'Examining the Inherence Bias in Practicing Scientists' (AsPredicted #167,860)
Author(s) Zachary Horne (University of Edinburgh) - Zachary.Horne@ed.ac.uk Kendall Smith (University of Edinburgh) - s2100690@ed.ac.uk Ana Ma (University of Edinburgh) - s2030310@ed.ac.uk Runyi Yao (University of Edinburgh) - s2044346@ed.ac.uk Andrei Cimpian (New York University) - andrei.cimpian@nyu.edu
Pre-registered on 2024/03/25 08:39 (PT)
1) Have any data been collected for this study already? No, no data have been collected for this study yet.
2) What's the main question being asked or hypothesis being tested in this study? We are investigating whether practicing scientists from the University of Edinburgh rely on inherent facts when generating explanations of unfamiliar scientific phenomena (in this study, biological, chemical, and astrophysical phenomena).
3) Describe the key dependent variable(s) specifying how they will be measured. Participants are asked to provide open ended explanations to three scientific phenomena (one of each domain previously described). We will measure whether their explanation focuses on inherent facts in the observation (e.g., the chemicals compositions) and or/ whether their explanation focuses on extrinsic facts in the observation (e.g., the size/shape of the vessel the chemical reaction took place in).
4) How many and which conditions will participants be assigned to? This is a purely descriptive study and thus we do not rely on any manipulations beyond randomly assigning participants to receive some vignettes vs others. Participants receive three vignettes describing observations of phenomena out of a total of six vignettes (two were created for each domain). The grouping as well as the questions they received is randomized
5) Specify exactly which analyses you will conduct to examine the main question/hypothesis. We will fit a regression model to assess our main predictions.
We will firstly compare the frequency of inherent and extrinsic open-ended explanations by fitting a Bayesian logistic mixed-effects model with a weakly regularizing prior on two predictors and their interaction: type of explanation (Inherent vs. Extrinsic) and domain (chemistry, biology, physics). Our main prediction is we expect to see that inherent explanations are more common across all three domains, though the impact of domain on this inherence bias is unclear to us.
6) Describe exactly how outliers will be defined and handled, and your precise rule(s) for excluding observations. We will exclude participants who indicated they did not pay attention -- question asks if participants took the study seriously and paid attention.

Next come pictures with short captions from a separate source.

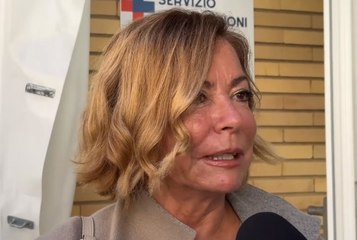 Prosegue la campagna vaccinale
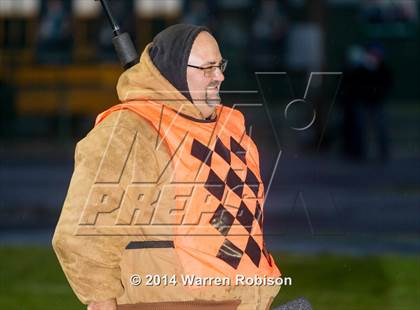 Thumbnail 2 in Beech Grove @ Triton Central photogallery.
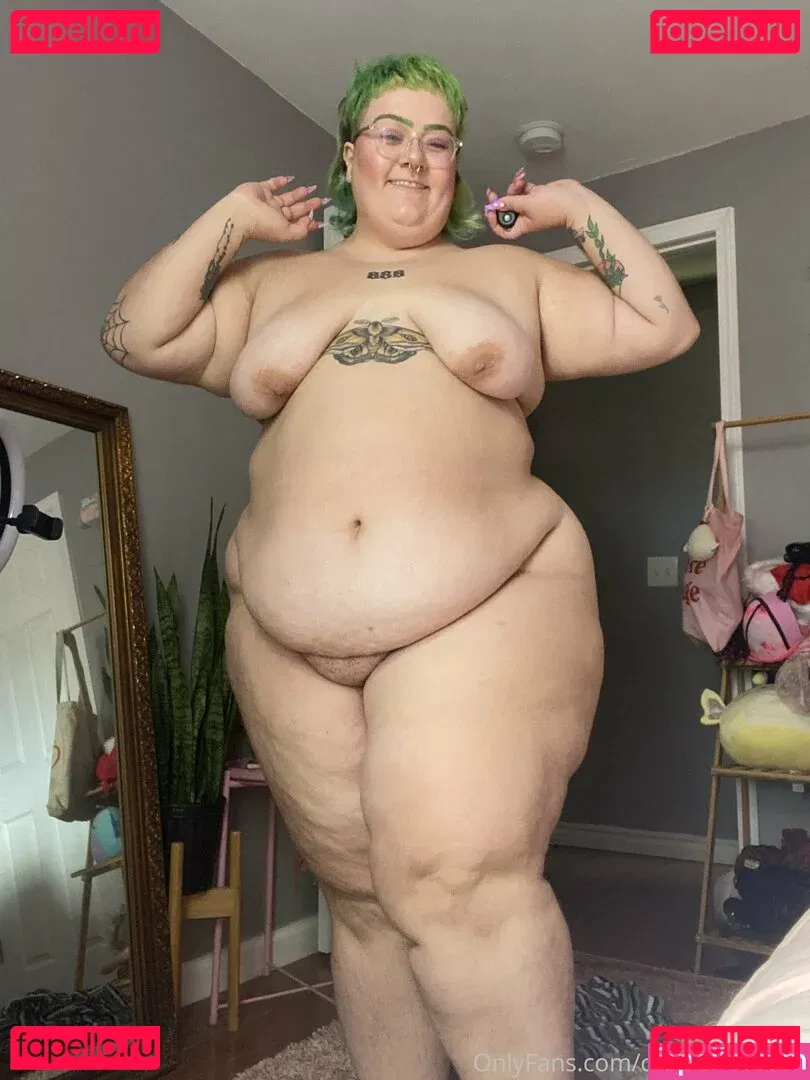 cherryjambaby Onlyfans Photo Gallery 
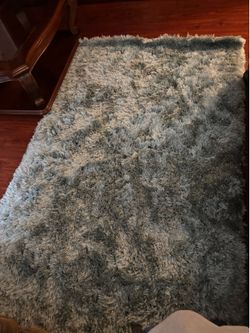 2 new Carpets 5X8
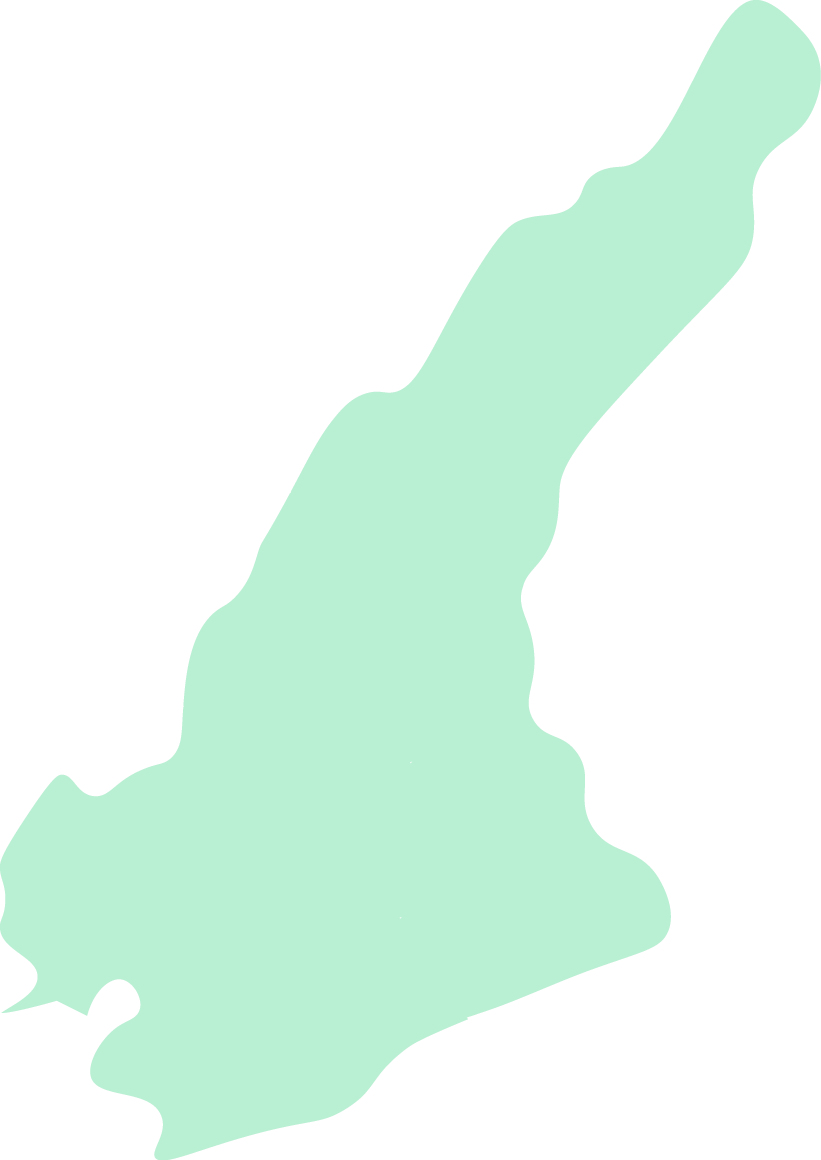 イラストマップ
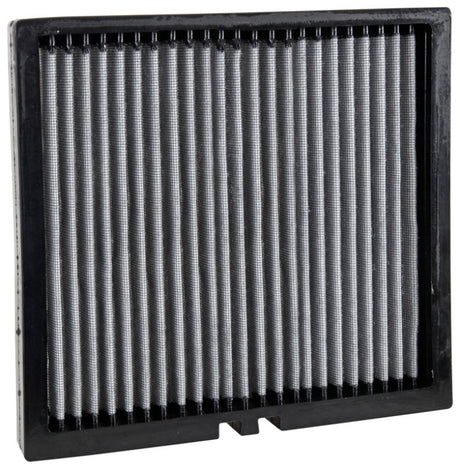 2011-2016 Grand Cherokee/2011-2016 Durango Cabin Air Filter - View 3 | Dirty Garage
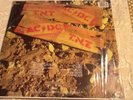 AC/DC T.N.T  Still Sealed (4652621) Australian Import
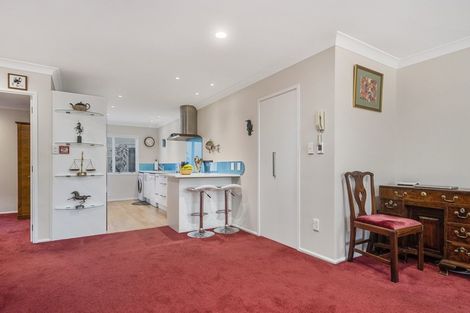 Photo of property in 39/111 Santa Monica Drive, Papamoa Beach, Papamoa, 3118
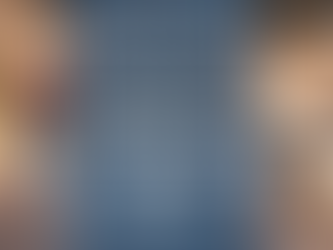 Scheme Finder: SMEs to receive big discounts on co-working spaces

Participants who say they did not pay attention will be excluded from the analysis but will still be compensated.
7) How many observations will be collected or what will determine sample size? No need to justify decision, but be precise about exactly how the number will be determined. We will invite via email all researcher (either working towards or achieved a PhD) in all scientific departments (including social sciences), who have their email addresses publicly available on their department's website. We will not recruit from the psychology department, however.
The nature of our recruitment process mean that we are unsure of exactly how many participants will agree to participate - participant are emailed asking if they are willing to participate but response rates to these sorts of studies can be quite low.
We aim to recruit >= 50 participants - but, again, our recruitment procedures preclude us from being able to say with certainty exactly how many participants will be in the study once data collection is complete. (i.e., 1 week after they receive a reminder email if a given participant hasn't already completed the study).
8) Anything else you would like to pre-register? (e.g., secondary analyses, variables collected for exploratory purposes, unusual analyses planned?) We will explore possible relationships between domain of expertise (e.g., chemistry) and the inherence bias or open-ended explanations, though we have no specific predictions about this possible relationship.